SUMMARY OF THE INVENTION

The invention aims to provide a magnetic connector structure, with such structure, the design on the size of the magnet is free from the restraint on the standard of connection surfaces, and the three problems set forth above are unlikely to be caused.

For this purpose, a magnetic connector structure is provided. The magnetic connector structure is provided with a connection surface, conductive terminals, an inner cavity and a magnet. The connection surface comprises a terminal area and a magnetic area, wherein the magnet is arranged in the inner cavity, and a magnetic conductive block is further provided for conducting the magnetic force of the magnet to the magnetic area.

The design on the size of the magnet is free from the restraint on the standard of connection surfaces because the magnet is arranged in the inner cavity. Furthermore,

(1) the conflict between improvement of the magnetic conduction effect and short circuit of the conductive terminals due to the magnet is avoided;

(2) the magnetic conduction effect and the adsorption effect are free from the size of the contact area of the conductive terminals;

(3) the magnetic conduction function is not required by the conductive terminals, the electric conduction function is required by the magnetic conductive block, and the availability of material is high.

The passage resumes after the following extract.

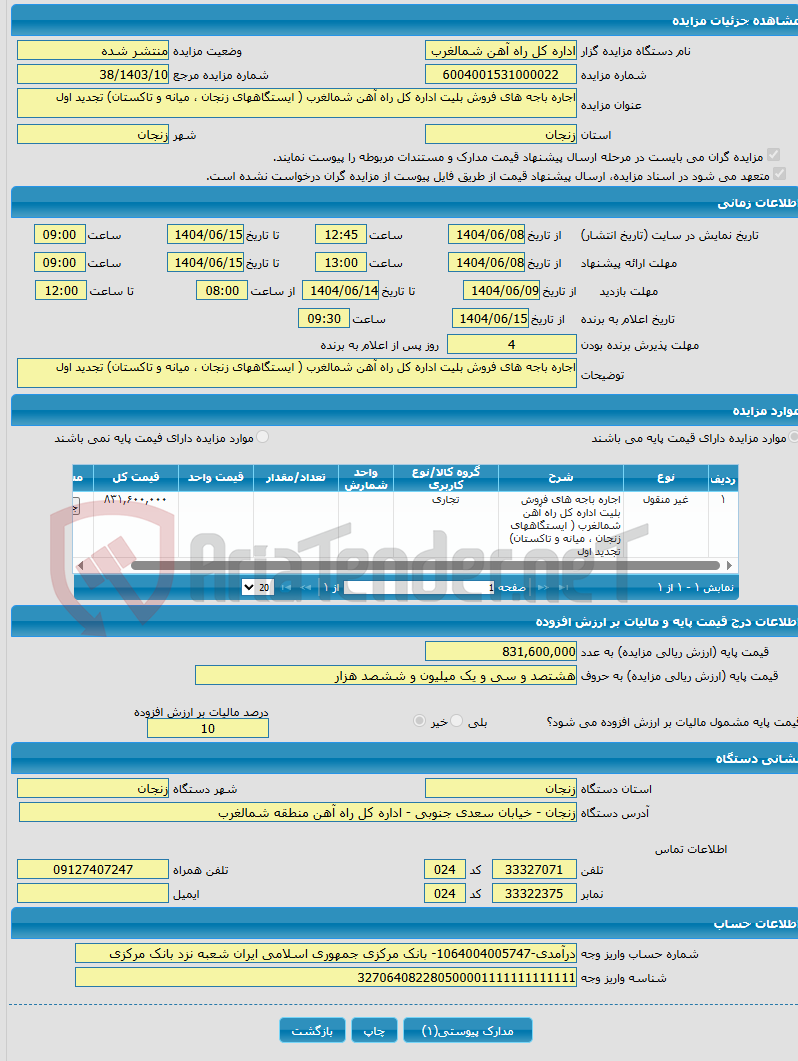 تصویر کوچک آگهی اجاره باجه های فروش بلیت اداره کل راه آهن شمالغرب ( ایستگاههای زنجان ، میانه و تاکستان) تجدید اول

To dispose an N pole and an S pole on different positions on the connection surface, with the use of the magnetic conductive block for conducting the magnetic force to the magnetic area, only one magnet instead of two magnets is required at least.

BRIEF DESCRIPTION OF THE DRAWINGS

FIG. 1 is a fitting position schematic diagram of a male connector and a female connector; and

FIG. 2 is an exploded view of the female connector.

DETAILED DESCRIPTION OF THE INVENTION

In the embodiments, the fitted male and female connectors are magnetic connectors.

The male connector is as shown in FIG. 1, and the conductive terminals 92 are arranged in the iron shell 96 by plastic parts 93.

The female connector is as shown in FIG. 1 and FIG. 2, specifically described as follow.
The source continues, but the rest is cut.